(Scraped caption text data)
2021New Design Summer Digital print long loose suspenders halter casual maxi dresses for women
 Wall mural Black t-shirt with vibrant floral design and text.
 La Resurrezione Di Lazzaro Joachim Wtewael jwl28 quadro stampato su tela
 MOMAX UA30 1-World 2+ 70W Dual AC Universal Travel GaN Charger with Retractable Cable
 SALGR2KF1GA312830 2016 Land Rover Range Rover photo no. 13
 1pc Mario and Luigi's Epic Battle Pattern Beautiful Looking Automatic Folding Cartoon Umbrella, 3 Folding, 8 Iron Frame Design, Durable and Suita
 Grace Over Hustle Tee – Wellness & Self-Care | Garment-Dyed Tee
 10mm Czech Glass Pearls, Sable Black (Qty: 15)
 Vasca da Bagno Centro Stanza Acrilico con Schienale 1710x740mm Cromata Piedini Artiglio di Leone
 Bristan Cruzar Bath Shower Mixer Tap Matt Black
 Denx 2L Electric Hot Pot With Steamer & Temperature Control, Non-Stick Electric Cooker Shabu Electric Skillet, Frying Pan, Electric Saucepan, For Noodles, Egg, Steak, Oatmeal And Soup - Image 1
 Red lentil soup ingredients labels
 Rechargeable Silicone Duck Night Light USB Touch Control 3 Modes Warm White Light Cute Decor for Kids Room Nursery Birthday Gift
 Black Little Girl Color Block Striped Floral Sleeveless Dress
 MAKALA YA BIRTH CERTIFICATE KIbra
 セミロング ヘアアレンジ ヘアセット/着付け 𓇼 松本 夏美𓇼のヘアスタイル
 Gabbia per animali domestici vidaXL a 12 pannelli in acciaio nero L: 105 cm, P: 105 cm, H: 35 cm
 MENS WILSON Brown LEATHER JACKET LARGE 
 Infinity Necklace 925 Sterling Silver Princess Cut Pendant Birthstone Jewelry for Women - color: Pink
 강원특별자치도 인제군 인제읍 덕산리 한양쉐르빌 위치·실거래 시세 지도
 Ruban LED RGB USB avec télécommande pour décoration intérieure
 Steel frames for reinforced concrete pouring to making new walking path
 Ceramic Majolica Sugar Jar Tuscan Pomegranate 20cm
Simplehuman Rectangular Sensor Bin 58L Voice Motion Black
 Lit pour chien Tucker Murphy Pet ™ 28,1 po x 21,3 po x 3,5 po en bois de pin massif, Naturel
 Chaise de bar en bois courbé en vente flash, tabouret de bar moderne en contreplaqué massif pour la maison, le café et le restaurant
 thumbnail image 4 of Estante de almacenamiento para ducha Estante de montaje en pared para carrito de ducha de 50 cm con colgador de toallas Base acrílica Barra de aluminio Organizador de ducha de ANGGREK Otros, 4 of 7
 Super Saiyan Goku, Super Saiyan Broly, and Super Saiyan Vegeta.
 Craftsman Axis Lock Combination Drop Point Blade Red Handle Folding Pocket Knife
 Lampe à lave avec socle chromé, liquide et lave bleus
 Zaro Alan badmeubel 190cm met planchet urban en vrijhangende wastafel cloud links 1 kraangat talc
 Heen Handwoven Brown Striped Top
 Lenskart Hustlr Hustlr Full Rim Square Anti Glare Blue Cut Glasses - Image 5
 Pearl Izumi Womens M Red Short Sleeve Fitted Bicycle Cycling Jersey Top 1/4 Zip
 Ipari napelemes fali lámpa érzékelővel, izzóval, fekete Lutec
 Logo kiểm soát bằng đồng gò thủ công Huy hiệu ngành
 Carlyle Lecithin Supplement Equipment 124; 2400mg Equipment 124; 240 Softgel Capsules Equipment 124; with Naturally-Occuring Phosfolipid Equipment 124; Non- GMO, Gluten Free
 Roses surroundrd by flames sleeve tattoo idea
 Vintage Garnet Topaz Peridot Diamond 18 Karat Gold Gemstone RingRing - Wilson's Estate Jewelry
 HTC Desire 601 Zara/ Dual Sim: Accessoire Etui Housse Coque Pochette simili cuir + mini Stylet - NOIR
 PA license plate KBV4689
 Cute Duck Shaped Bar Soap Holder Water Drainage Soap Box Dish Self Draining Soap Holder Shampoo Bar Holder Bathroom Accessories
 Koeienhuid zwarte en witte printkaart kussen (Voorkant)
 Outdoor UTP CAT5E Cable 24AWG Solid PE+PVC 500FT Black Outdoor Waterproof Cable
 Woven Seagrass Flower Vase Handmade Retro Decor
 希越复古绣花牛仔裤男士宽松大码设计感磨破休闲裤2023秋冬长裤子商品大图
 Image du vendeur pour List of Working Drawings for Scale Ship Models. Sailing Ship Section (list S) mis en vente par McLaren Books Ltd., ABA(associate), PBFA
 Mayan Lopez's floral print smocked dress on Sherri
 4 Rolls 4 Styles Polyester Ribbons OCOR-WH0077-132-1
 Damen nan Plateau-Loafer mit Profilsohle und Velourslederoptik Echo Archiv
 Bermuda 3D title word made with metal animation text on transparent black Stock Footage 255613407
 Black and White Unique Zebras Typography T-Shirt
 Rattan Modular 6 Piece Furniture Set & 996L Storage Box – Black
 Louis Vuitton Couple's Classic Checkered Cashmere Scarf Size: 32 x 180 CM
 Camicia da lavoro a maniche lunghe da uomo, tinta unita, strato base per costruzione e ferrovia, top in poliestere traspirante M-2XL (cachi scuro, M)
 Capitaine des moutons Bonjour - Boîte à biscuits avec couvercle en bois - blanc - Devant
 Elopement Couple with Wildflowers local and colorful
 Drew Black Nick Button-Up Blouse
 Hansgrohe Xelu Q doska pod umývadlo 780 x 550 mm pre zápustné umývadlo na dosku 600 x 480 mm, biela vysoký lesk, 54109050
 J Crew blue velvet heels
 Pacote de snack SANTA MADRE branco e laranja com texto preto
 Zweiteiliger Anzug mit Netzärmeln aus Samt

◆ **TASK OBJECTIVE**:
The records above need to be output again, verbatim.

◆ **WRITTEN REPLY**:
2021New Design Summer Digital print long loose suspenders halter casual maxi dresses for women
 Wall mural Black t-shirt with vibrant floral design and text.
 La Resurrezione Di Lazzaro Joachim Wtewael jwl28 quadro stampato su tela
 MOMAX UA30 1-World 2+ 70W Dual AC Universal Travel GaN Charger with Retractable Cable
 SALGR2KF1GA312830 2016 Land Rover Range Rover photo no. 13
 1pc Mario and Luigi's Epic Battle Pattern Beautiful Looking Automatic Folding Cartoon Umbrella, 3 Folding, 8 Iron Frame Design, Durable and Suita
 Grace Over Hustle Tee – Wellness & Self-Care | Garment-Dyed Tee
 10mm Czech Glass Pearls, Sable Black (Qty: 15)
 Vasca da Bagno Centro Stanza Acrilico con Schienale 1710x740mm Cromata Piedini Artiglio di Leone
 Bristan Cruzar Bath Shower Mixer Tap Matt Black
 Denx 2L Electric Hot Pot With Steamer & Temperature Control, Non-Stick Electric Cooker Shabu Electric Skillet, Frying Pan, Electric Saucepan, For Noodles, Egg, Steak, Oatmeal And Soup - Image 1
 Red lentil soup ingredients labels
 Rechargeable Silicone Duck Night Light USB Touch Control 3 Modes Warm White Light Cute Decor for Kids Room Nursery Birthday Gift
 Black Little Girl Color Block Striped Floral Sleeveless Dress
 MAKALA YA BIRTH CERTIFICATE KIbra
 セミロング ヘアアレンジ ヘアセット/着付け 𓇼 松本 夏美𓇼のヘアスタイル
 Gabbia per animali domestici vidaXL a 12 pannelli in acciaio nero L: 105 cm, P: 105 cm, H: 35 cm
 MENS WILSON Brown LEATHER JACKET LARGE 
 Infinity Necklace 925 Sterling Silver Princess Cut Pendant Birthstone Jewelry for Women - color: Pink
 강원특별자치도 인제군 인제읍 덕산리 한양쉐르빌 위치·실거래 시세 지도
 Ruban LED RGB USB avec télécommande pour décoration intérieure
 Steel frames for reinforced concrete pouring to making new walking path
 Ceramic Majolica Sugar Jar Tuscan Pomegranate 20cm
Simplehuman Rectangular Sensor Bin 58L Voice Motion Black
 Lit pour chien Tucker Murphy Pet ™ 28,1 po x 21,3 po x 3,5 po en bois de pin massif, Naturel
 Chaise de bar en bois courbé en vente flash, tabouret de bar moderne en contreplaqué massif pour la maison, le café et le restaurant
 thumbnail image 4 of Estante de almacenamiento para ducha Estante de montaje en pared para carrito de ducha de 50 cm con colgador de toallas Base acrílica Barra de aluminio Organizador de ducha de ANGGREK Otros, 4 of 7
 Super Saiyan Goku, Super Saiyan Broly, and Super Saiyan Vegeta.
 Craftsman Axis Lock Combination Drop Point Blade Red Handle Folding Pocket Knife
 Lampe à lave avec socle chromé, liquide et lave bleus
 Zaro Alan badmeubel 190cm met planchet urban en vrijhangende wastafel cloud links 1 kraangat talc
 Heen Handwoven Brown Striped Top
 Lenskart Hustlr Hustlr Full Rim Square Anti Glare Blue Cut Glasses - Image 5
 Pearl Izumi Womens M Red Short Sleeve Fitted Bicycle Cycling Jersey Top 1/4 Zip
 Ipari napelemes fali lámpa érzékelővel, izzóval, fekete Lutec
 Logo kiểm soát bằng đồng gò thủ công Huy hiệu ngành
 Carlyle Lecithin Supplement Equipment 124; 2400mg Equipment 124; 240 Softgel Capsules Equipment 124; with Naturally-Occuring Phosfolipid Equipment 124; Non- GMO, Gluten Free
 Roses surroundrd by flames sleeve tattoo idea
 Vintage Garnet Topaz Peridot Diamond 18 Karat Gold Gemstone RingRing - Wilson's Estate Jewelry
 HTC Desire 601 Zara/ Dual Sim: Accessoire Etui Housse Coque Pochette simili cuir + mini Stylet - NOIR
 PA license plate KBV4689
 Cute Duck Shaped Bar Soap Holder Water Drainage Soap Box Dish Self Draining Soap Holder Shampoo Bar Holder Bathroom Accessories
 Koeienhuid zwarte en witte printkaart kussen (Voorkant)
 Outdoor UTP CAT5E Cable 24AWG Solid PE+PVC 500FT Black Outdoor Waterproof Cable
 Woven Seagrass Flower Vase Handmade Retro Decor
 希越复古绣花牛仔裤男士宽松大码设计感磨破休闲裤2023秋冬长裤子商品大图
 Image du vendeur pour List of Working Drawings for Scale Ship Models. Sailing Ship Section (list S) mis en vente par McLaren Books Ltd., ABA(associate), PBFA
 Mayan Lopez's floral print smocked dress on Sherri
 4 Rolls 4 Styles Polyester Ribbons OCOR-WH0077-132-1
 Damen nan Plateau-Loafer mit Profilsohle und Velourslederoptik Echo Archiv
 Bermuda 3D title word made with metal animation text on transparent black Stock Footage 255613407
 Black and White Unique Zebras Typography T-Shirt
 Rattan Modular 6 Piece Furniture Set & 996L Storage Box – Black
 Louis Vuitton Couple's Classic Checkered Cashmere Scarf Size: 32 x 180 CM
 Camicia da lavoro a maniche lunghe da uomo, tinta unita, strato base per costruzione e ferrovia, top in poliestere traspirante M-2XL (cachi scuro, M)
 Capitaine des moutons Bonjour - Boîte à biscuits avec couvercle en bois - blanc - Devant
 Elopement Couple with Wildflowers local and colorful
 Drew Black Nick Button-Up Blouse
 Hansgrohe Xelu Q doska pod umývadlo 780 x 550 mm pre zápustné umývadlo na dosku 600 x 480 mm, biela vysoký lesk, 54109050
 J Crew blue velvet heels
 Pacote de snack SANTA MADRE branco e laranja com texto preto
 Zweiteiliger Anzug mit Netzärmeln aus Samt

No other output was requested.